Browsing through the convention's program, we hoped to learn of new findings on the role of corporations in the political process. Instead, we found that there appeared to be virtually no papers on or even referencing corporate power.

That's a little strange, we thought. After all, it is hardly a controversial claim these days that corporations exert a major if not decisive influence over politics, in the United States and around the world.

We decided to make sure our impression that corporations were absent from the convention papers was correct. The American Political Science Association has conveniently posted on its website approximately a thousand of the papers presented at the conference, and the site has a good search engine.

We searched through these thousand abstracts for the word "corporation." Two hits.

We tried again, this time using the word "corporate." This time we came up with 11 hits.
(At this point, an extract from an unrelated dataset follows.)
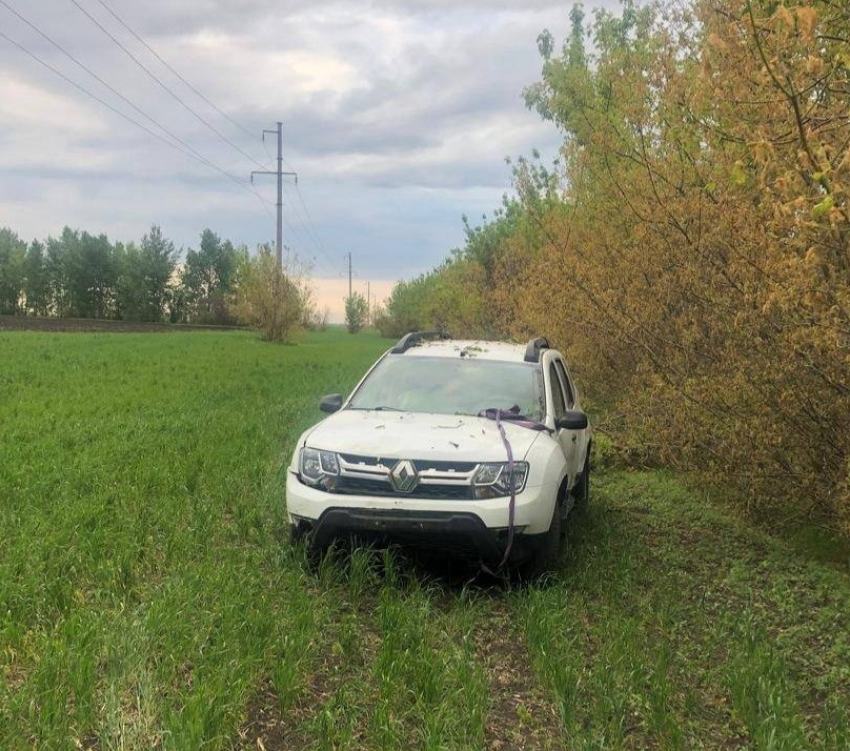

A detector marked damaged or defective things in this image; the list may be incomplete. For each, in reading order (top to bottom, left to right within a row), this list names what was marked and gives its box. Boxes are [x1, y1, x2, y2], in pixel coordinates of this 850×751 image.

We did another search, for the word "business." After eliminating abstracts that use the word "business" in a context where it means something other than corporations (i.e., a reference to Congressional business), we wound up with 23 hits.

In total, three dozen abstracts even mention the words "corporation," "corporate," or "business" -- 3.6 percent of the roughly thousand abstracts we searched. This is only a rough approximation of the number that actually discuss corporate power. The vast majority of those we found refer to corporations, but don't have corporate power as their focus. On the other hand, our search undoubtedly missed some papers that implicitly discuss corporate power -- say, with a focus on labor relations -- but don't use any of our key words.
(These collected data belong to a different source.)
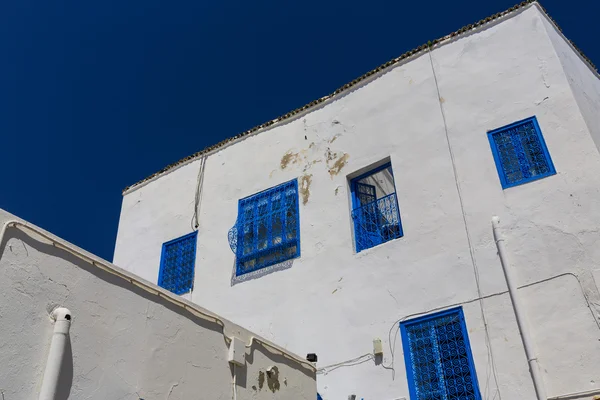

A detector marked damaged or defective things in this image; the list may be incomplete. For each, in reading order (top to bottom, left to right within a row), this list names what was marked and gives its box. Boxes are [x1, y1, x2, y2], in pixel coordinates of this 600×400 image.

peeling paint patch [328, 154, 352, 177] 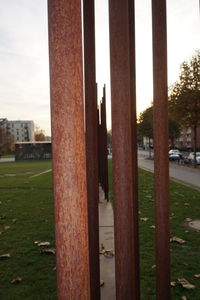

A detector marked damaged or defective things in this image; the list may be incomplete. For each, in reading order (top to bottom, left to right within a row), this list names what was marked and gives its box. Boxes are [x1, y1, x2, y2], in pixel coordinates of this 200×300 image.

rusty metal pillar [47, 1, 90, 298]
rusty metal pillar [83, 1, 100, 298]
rusty metal pillar [109, 1, 139, 298]
rusty metal pillar [152, 1, 170, 298]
Disturbed by the results of this survey, we asked some of those who had presented papers that discuss corporations to ruminate on our findings.
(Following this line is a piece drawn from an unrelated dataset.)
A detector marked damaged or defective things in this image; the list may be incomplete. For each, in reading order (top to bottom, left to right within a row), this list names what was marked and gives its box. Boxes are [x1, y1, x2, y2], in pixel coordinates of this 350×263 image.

Scott Pegg, an assistant professor in the Department of International Relations at Bilkent University, in Ankara, Turkey, shared some particularly interesting reactions. (Pegg's paper topic: "Corporate Armies for States and State Armies for Corporations: Addressing the Challenges of Globalization and Natural Resource Conflict.")

First, he validated our sense that the findings of our survey constituted a remarkable oversight. "The three largest subfields of [U.S.] political science are American government/politics, comparative politics, and international relations. The study of transnational corporations is relevant to all three of them," Pegg says. "In particular, in an election year, I find it stunning that the huge numbers of people working on the American electoral system and presidential politics would be neglecting the corporate role in bankrolling politicians to such a degree." Our sentiments exactly.

Asked to account for the corporate studies vacuum, Pegg suggests several explanations. Corporations may fall through disciplinary cracks, he says -- they aren't the traditional political actors on which political scientists focus. Corporations are reluctant to share information that academics need to conduct their research, he points out, and information that is available tends to come from nongovernmental organizations with which many academics are not familiar. Academics tend to reward theoretical inquiries over empirical investigations. And, he says, "many academics are interested in securing outside funding for their research projects. Corporate funding is available for some projects, but probably not for those that critically assess corporate crimes or corporate human rights violations."

To check that the results of our survey were not a fluke, we did a similar search on all U.S. dissertations published in the last two years. The results were similar. After we eliminated those that mentioned corporations in completely irrelevant contexts (e.g., thanking a nonprofit funder with corporation in its name, or mentioning that a corporation had invented a scientific process used in the dissertation) we found 75 dissertations that included the word "corporation" in their abstract. As a point of comparison, 43 dissertations used the word "baseball" in their abstract, and 1,008 included the word "war."